En premier lieu parce que les SCOP sont
rarement des sociétés à forte croissance
interne. Les salariés-coopérateurs n’ont
pas forcément la fibre conquérante. Assurer
le devenir de leur entreprise, leurs
emplois, de bonnes conditions de travail
et de rémunération constitue le coeur de
leurs objectifs. Les coopérateurs ne sont
pas des héros. Ils ne sont pas devenus
des « capitaines d’industrie » en devenant
coopérateurs. La forme plus démocratique
du fonctionnement de l’entreprise coopérative
préserve souvent de grosses erreurs
et d’aventures hasardeuses… Mais ne pousse pas toujours à innover et prendre
des risques.
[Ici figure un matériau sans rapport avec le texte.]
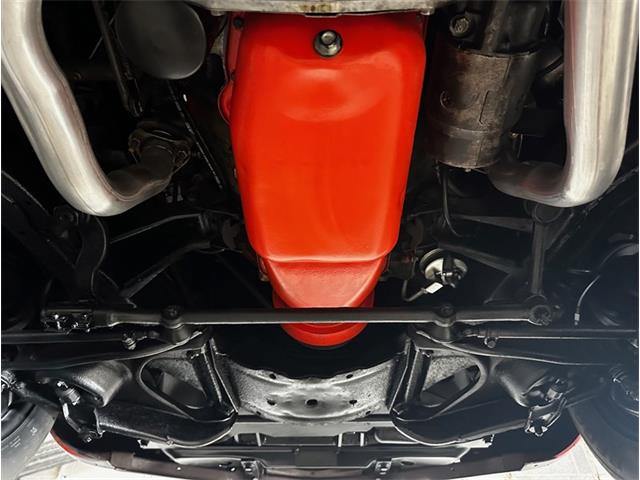 1969 Chevrolet Corvette (CC-2052960) for sale in Richmond, Indiana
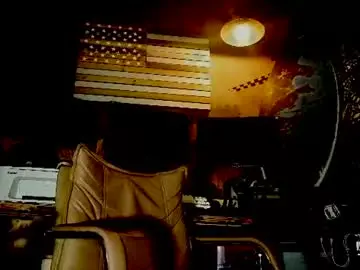 Chaturbate Sex Chat of str8foryouguy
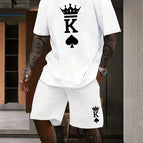 YTZLTH24891551 / 4XL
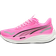 Puma Velocity Nitro 3 W - Poison Pink/Black/Silver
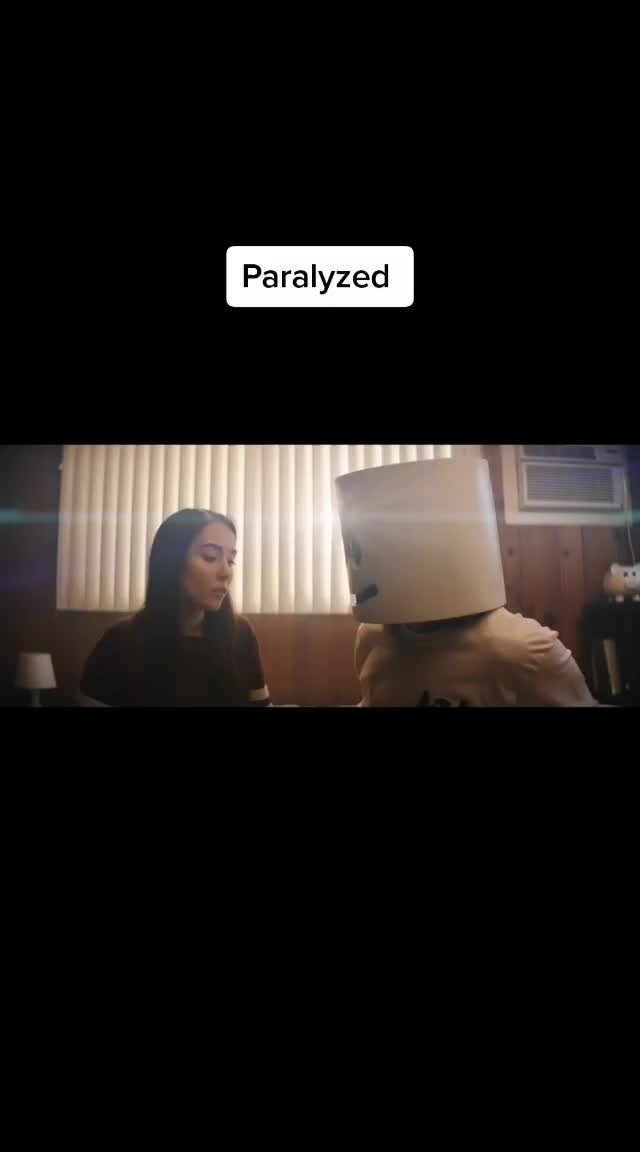 @Marshmello
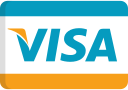 Visa Kart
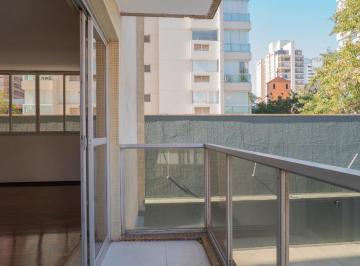 IMG_20260627_061416_000.jpeg · Deslumbrante apartamento para venda em Vila Mariana com 4 quartos, sendo 1 suíte, 202m² - remaxares#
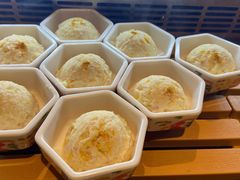 -牛New寿喜烧(金茂览秀城店)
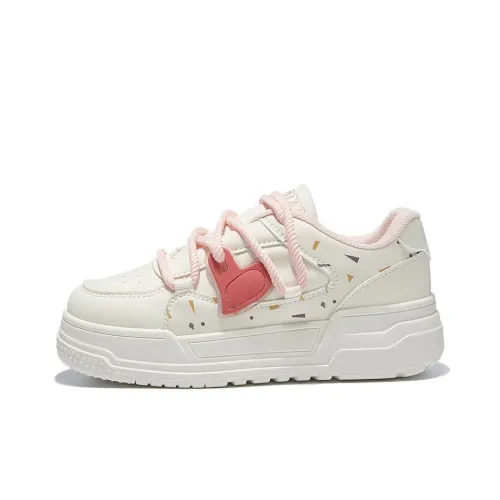 Питер Пэн Шок Абсорберы Устойчивые к Износу Отскок Быстросохнущий Отводящий Влагу Низкий Топ Детские Лайфстайл Обувь Подростки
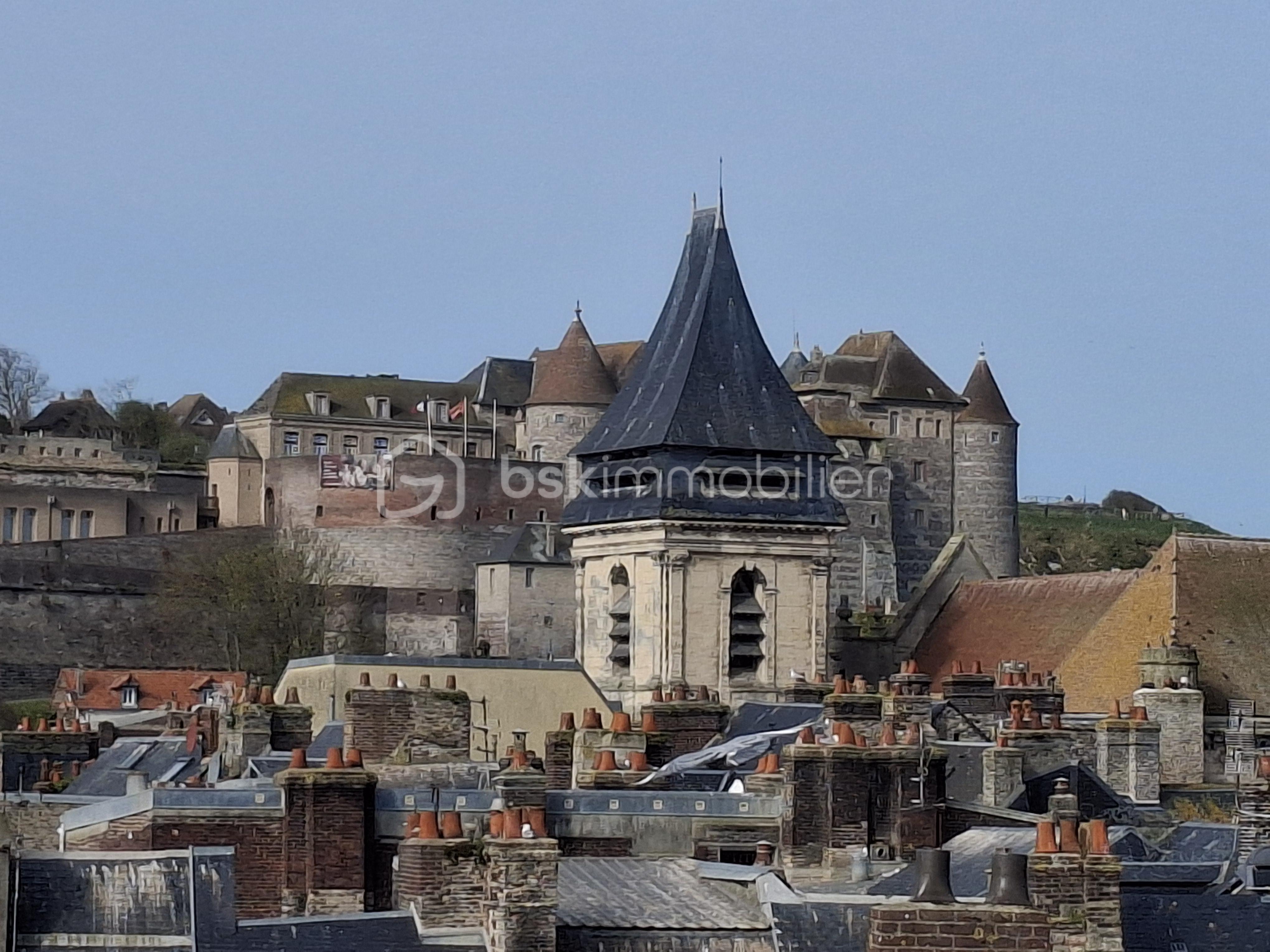 Vue château paysage.png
Le mouvement coopératif
s’interroge sur la manière de dynamiser les
coopératives, faute de quoi, il restera un
acteur important en terme d’emploi (2 000
SCOP et 47 000 emplois dont la moitié
sont des coopérateurs associés) mais un
acteur modeste en terme économique
et industriel.
L’autre grande difficulté du développement
des SCOP est externe. Dès que la taille de
la société devient importante, la transformation
d’une société classique en SCOP
se heurte à la constitution du capital. On
retrouve cette difficulté principalement
dans le cas de la reprise par les salariés
d’une société en dépôt de bilan ou dans
le cas du départ à la retraire du patron et
que s’ouvre la perspective d’une vente aux
salariés. Il est toujours très difficile de rassembler
les fonds nécessaires à d’importants
projets économiques a fortiori industriels…
Mais quand ces fonds doivent être
détenus majoritairement par les salariés,
cela devient un obstacle parfois insurmontable.
La difficulté se pose à des échelles
même relativement modestes quand se
mêle besoin en machines et patrimoine
immobilier. Les imprimeries, consommatrices
d’espace, utilisent des machines
de plusieurs centaines de milliers d’euros
pour quelques dizaines d’emplois : les
opérateurs n’ont pas les salaires qui leur
permettent de rassembler de tels capitaux.
Les ouvrières du textile, de Lejaby ou
d’ailleurs, pas davantage.
La nouvelle forme de coopératives, les
SCIC, société coopérative dans laquelle interviennent des collectivités locales sont
un élément de réponse. Ce fut une solution
pour l’emblématique dossier Lejaby.
Mais, les SCIC, qui ont un bel avenir, ne
sont pas une réponse universelle : les collectivités
locales n’ont pas les reins pour
abonder tous les projets économiques qui
en auraient besoin.
Le mouvement coopératif se dote d’outil
financier pour contribuer à résoudre ces
besoins. Mais il ne détient pas seul la clé.